**What needs to be done:** Exclude the pictures and repeat all of the data exactly.

**Information provided:**
# # # # # # #

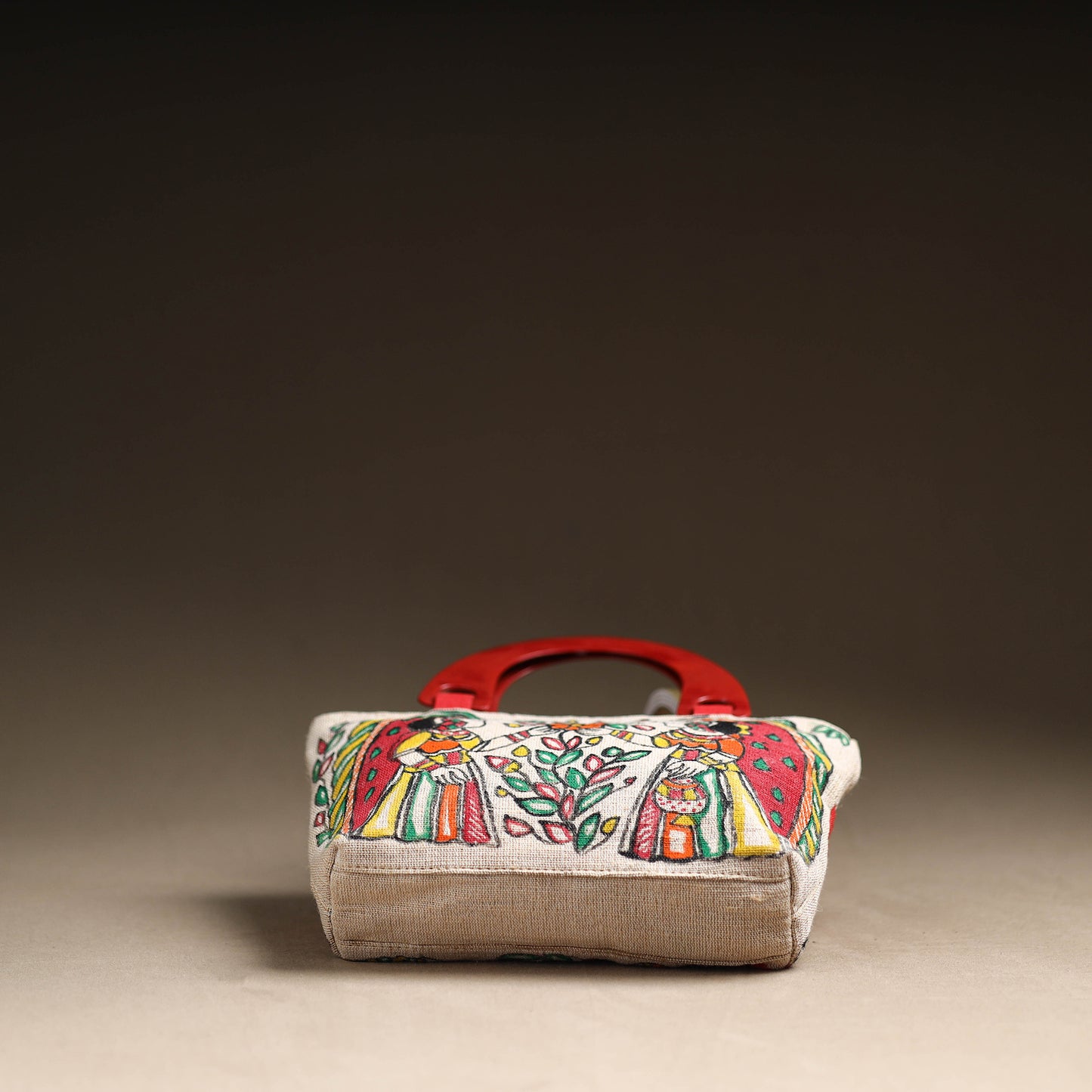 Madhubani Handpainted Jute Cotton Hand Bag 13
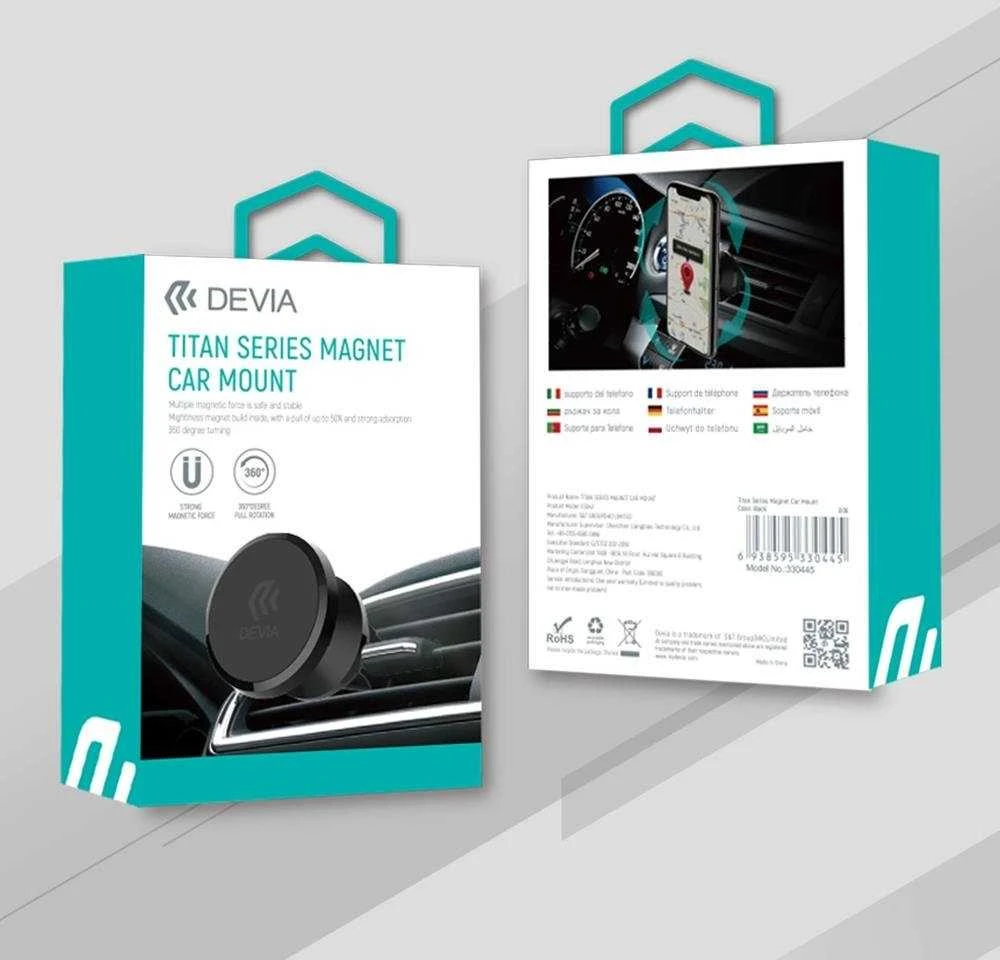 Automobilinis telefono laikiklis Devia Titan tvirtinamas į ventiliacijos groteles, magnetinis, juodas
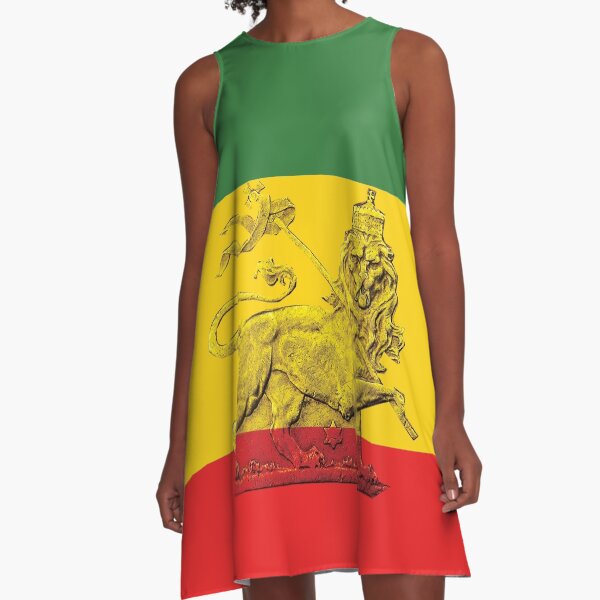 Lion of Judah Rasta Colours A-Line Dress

# # # # # # #

**Your response:**
 Madhubani Handpainted Jute Cotton Hand Bag 13
 Automobilinis telefono laikiklis Devia Titan tvirtinamas į ventiliacijos groteles, magnetinis, juodas
 Lion of Judah Rasta Colours A-Line Dress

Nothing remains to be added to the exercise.